Dans le cas où entre 2 et 9 salariés sont licenciés dans les trente jours, la lettre de notification du licenciement économique ne peut être envoyée moins de 7 jours ouvrables après l’entretien préalable. Lorsque le licenciement concerne des cadres, ce délais passe à 15 jours ouvrables.

Si le licenciement économique est plus important (entre 10 et 100 salariés), les lettres de licenciement ne peuvent être envoyées moins de 30 jours après le jour de la notification du projet de licenciement. Les modalités sont prévues par l’article L. 1233-39 du Code du Travail.

Quel que soit le nombre de salariés licenciés, la lettre de notification de licenciement économique doit être motivée. L’employeur doit y figurer les motifs économiques sur lesquels il fonde sa décision ainsi que la priorité de réembauchage.

 

Qu’en est-il du plan de sauvegarde de l’emploi (PSE) ?

Lorsque le licenciement concerne plus de 10 salariés en moins de trente jours dans des entreprises de plus de 50 salariés, l’employeur a deux obligations supplémentaires. Premièrement, il doit notifier son projet de licenciement à l’autorité administrative. Deuxièmement, selon l’article L. 1233-61 du Code du travail, il doit proposer un plan de sauvegarde de l’emploi.

S’il y a moins de 1000 salariés dans l’entreprise, un contrat de sécurisation professionnelle peut être mis en place. Il concerne chaque salarié et a pour objectif de faciliter le retour à l’emploi. Si le salarié accepte, cela rompt le contrat de travail.

Si l’entreprise a plus de 1000 salariés, l’employeur doit proposer un congé de reclassement.

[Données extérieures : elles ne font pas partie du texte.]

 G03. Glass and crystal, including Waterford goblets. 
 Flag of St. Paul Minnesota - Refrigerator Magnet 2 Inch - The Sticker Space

L’objectif est de permettre au salarié de définir son projet professionnel.

Le PSE se négocie soit avec les partenaires sociaux et prend la forme d’un accord majoritaire, soit il fait l’objet d’une décision unilatérale. Il met en place des actions dans le but de reclasser les salariés, de créer de nouvelles activités, etc… On y trouve aussi des actions de formation ou des mesures d’aménagement du temps de travail.

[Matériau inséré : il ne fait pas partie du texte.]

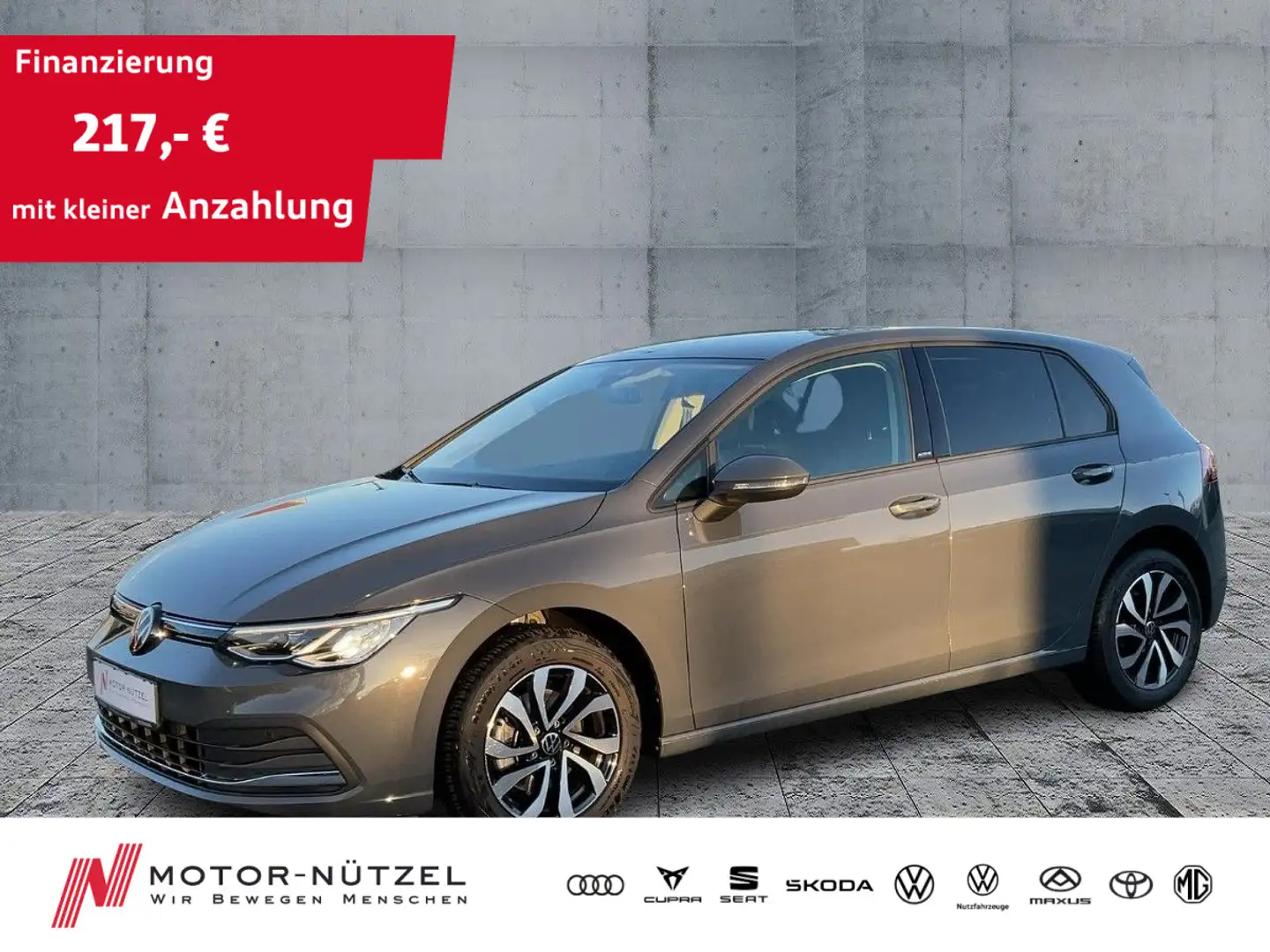 Volkswagen Golf VIII 1.0 TSI ACTIVE LED+ACC+SHZ+NAV+PDC+DAB Grigio - 1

Le PSE fixe également les modalités de suivi des actions qu’il contient. Ce sont l’employeur, le comité social et économique et l’administration qui effectuent ce suivi.

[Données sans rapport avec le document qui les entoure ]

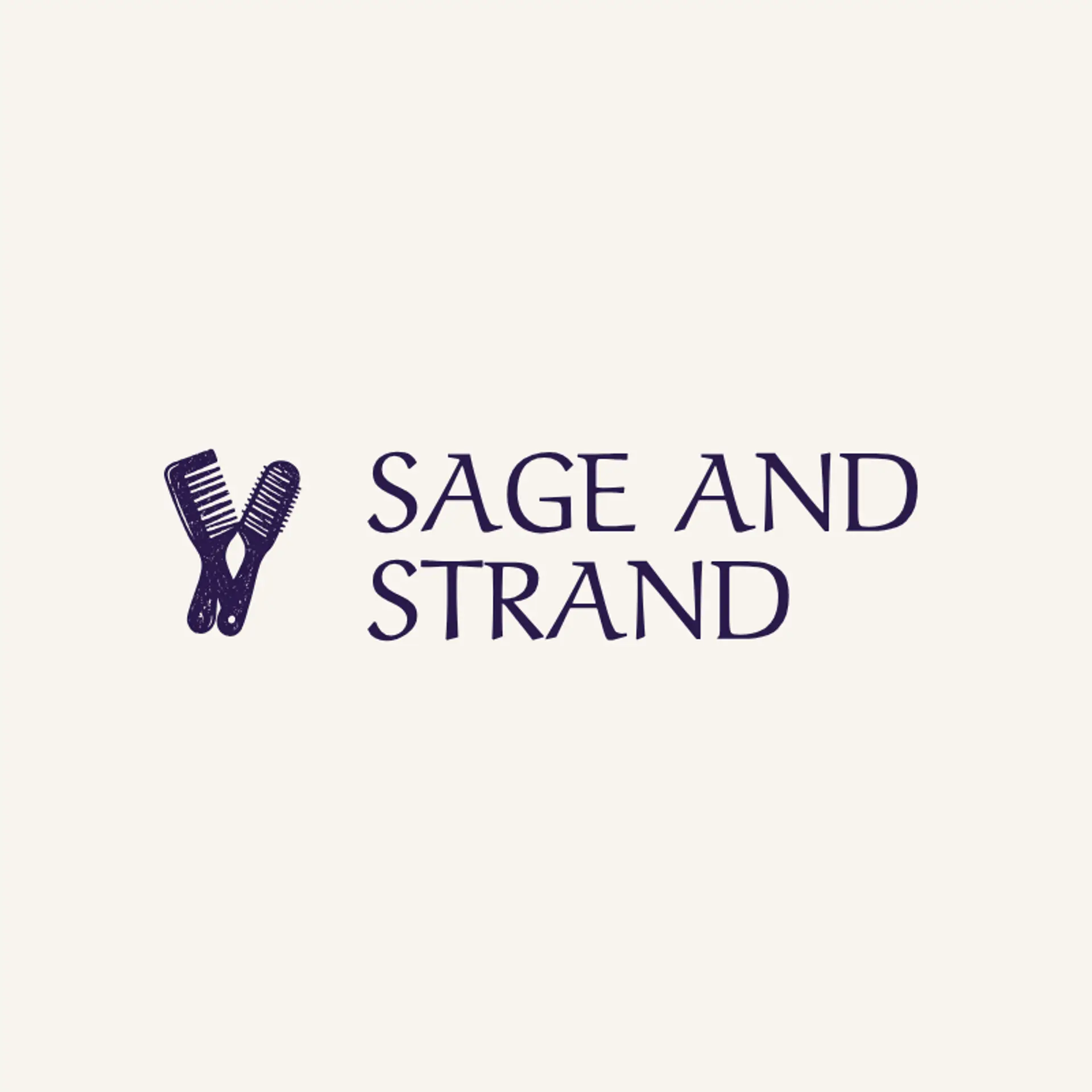 Sage and Strand logo for hair stylist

Le rôle de l’administration n’est pas à négliger dans le PSE. En effet, tout employeur tenu à un RSE doit de le transmettre à la Direction régionale des entreprises, de la concurrence, de la consommation, du travail et de de l’emploi (Direccte).

La Direccte vérifie la conformité de la procédure de consultation des représentants du personnel. Toutefois, elle va surtout avoir la charge d’homologuer (accepter) ou non le PSE. En cas de refus d’homologation, l’employeur peut soit présenter un nouveau PSE soit faire un recours devant un tribunal administratif.